Exercise - Your copy should match the listing word for word, apart from the pictures, which are left out.

BEGIN Supplied data

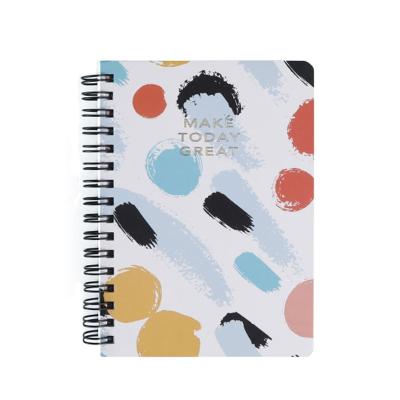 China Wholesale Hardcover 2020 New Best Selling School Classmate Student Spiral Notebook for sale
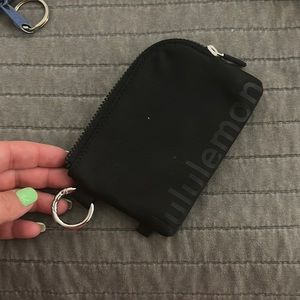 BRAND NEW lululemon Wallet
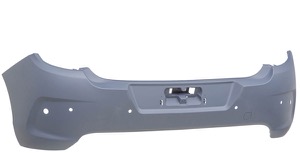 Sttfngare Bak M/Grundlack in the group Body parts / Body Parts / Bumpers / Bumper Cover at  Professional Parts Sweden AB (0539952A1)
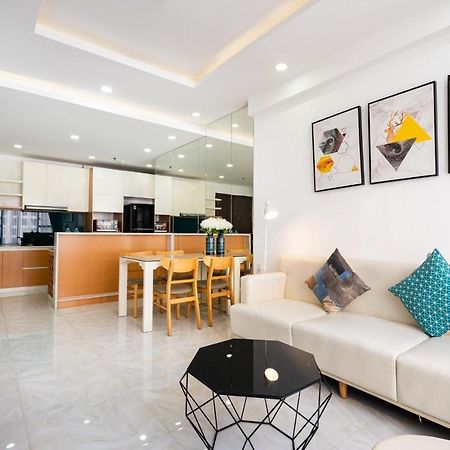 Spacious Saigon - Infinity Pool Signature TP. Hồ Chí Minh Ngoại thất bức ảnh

END Supplied data

Solution to the exercise -
 China Wholesale Hardcover 2020 New Best Selling School Classmate Student Spiral Notebook for sale
 BRAND NEW lululemon Wallet
 Sttfngare Bak M/Grundlack in the group Body parts / Body Parts / Bumpers / Bumper Cover at  Professional Parts Sweden AB (0539952A1)
 Spacious Saigon - Infinity Pool Signature TP. Hồ Chí Minh Ngoại thất bức ảnh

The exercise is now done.